I am a very slow "texter".  Everyone I know has a I phone, android, or other phone-like device that has an extended keyboard, allowing them rapidly send text messages to me.  I however, have an old Nokia with a 12 button keyboard.  I tried, ineptly to enable the T9 anticipative text option on Saturday night.  Within a text message, I toggled "options", and found it was already on "WORD" and not "symbol" or "numeric", so not there.  In the "Tools" menu, I found a "NAM" setting, and being an idiot engineer, I toggled it, not knowing what it was, and erroneously thinking "this won't hurt anything" from NAM1 to NAM2.
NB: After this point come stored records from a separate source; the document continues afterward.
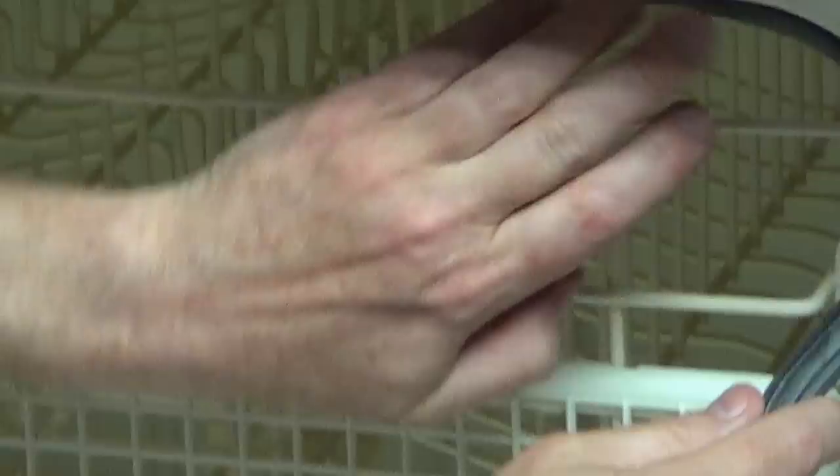But that's all there is to it — very simple, easy repair. In this case, it's a little bit long, so I'm just going to take some scissors and cut it here. And that's all it takes to repair a dishwasher that's leaking.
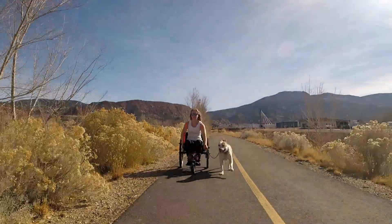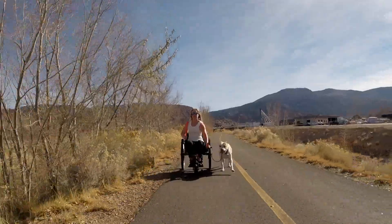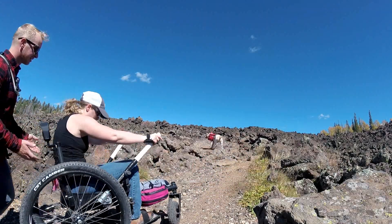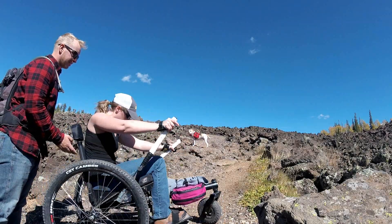You shift gears simply by moving your hands up and down the levers. Down close to the tires is the higher gear, allowing you to move quickly over smooth, flat terrain. Up at the top of the levers is a lower gear, allowing you to slowly maneuver over rough obstacles or ease up a challenging incline.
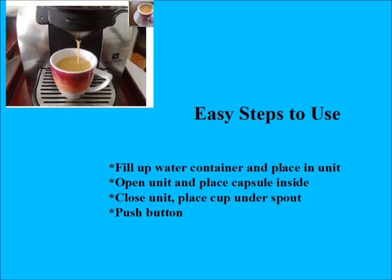This coffee maker is very easy to use. The easy steps are: fill up the water container and place it in the unit, open the unit and place a capsule inside, close the unit, place your cup under the spout, and push the button. That's all there is to it.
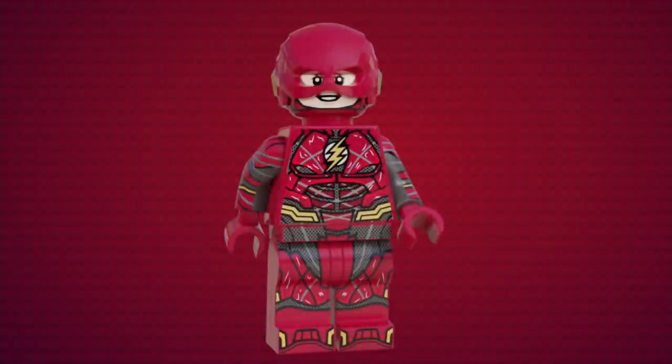For the last of the Justice League, we have Ezra Miller's Flash, who was just as amazing as always in the finale. This figure was also designed by Snom, so it's much better than my version from last year. This figure has brand new printing all around even on the arms, all in a base of dark red. Flash comes with two new facial expressions: one being a smirk and the other being an open smile.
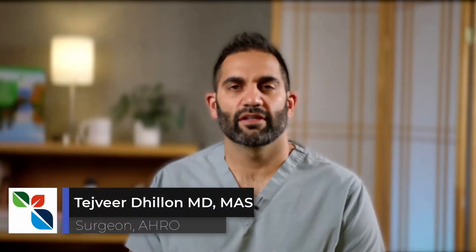Hi, my name is Tejvir Dillon and in this video I'll be demonstrating a procedure I call purely ultrasound guided tracheostomy. If you're already doing bronchoscopic guided percutaneous tracheostomy, you should check out my prior video called ultrasound guided tracheostomy, in which I show you how to add ultrasound into your bronchoscopic approach to make the procedure safer and faster. Once you're comfortable with that approach, you can transition to the approach I'm going to show in this video.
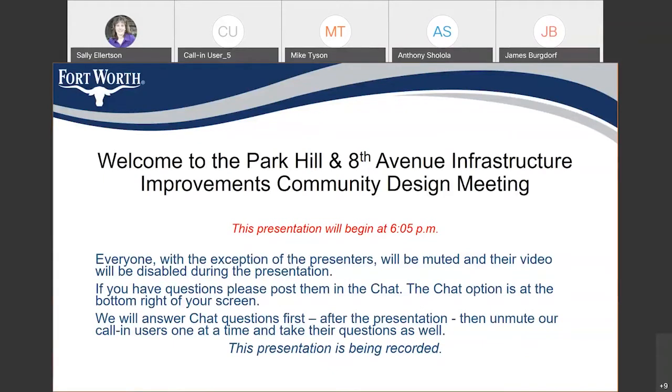Good evening, everybody. This is Sally Ellerson, Project Communications for Water Capital Delivery. We gave everybody a little extra time to log in before we get started. Welcome to the Park Hill and 8th Avenue Infrastructure Improvements Design Meeting.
I tried to text message, send photos, call voice mail, and call my dear wife, and nothing worked.  Since I am in mountainous Pennsylvania I figured it was because I was in a low signal area.  I did not attribute any of the loss of function to NAM2.  I tried to send a picture of an ostrich swallowing a bottle from a Guiness promotional poster, no less than 12 times, to my buddy Ryan.  It failed every time.  The next day, I am driving along and I saw a Verizon Wireless store.  AHA!  They'll certainly be able to explain why I get no signal and a message that says "connecting to an eternal operator" when I try to access my voice mail.  I tried it in the parking lot, and indignantly I thought "we'll see about that!" as I stomped into the store.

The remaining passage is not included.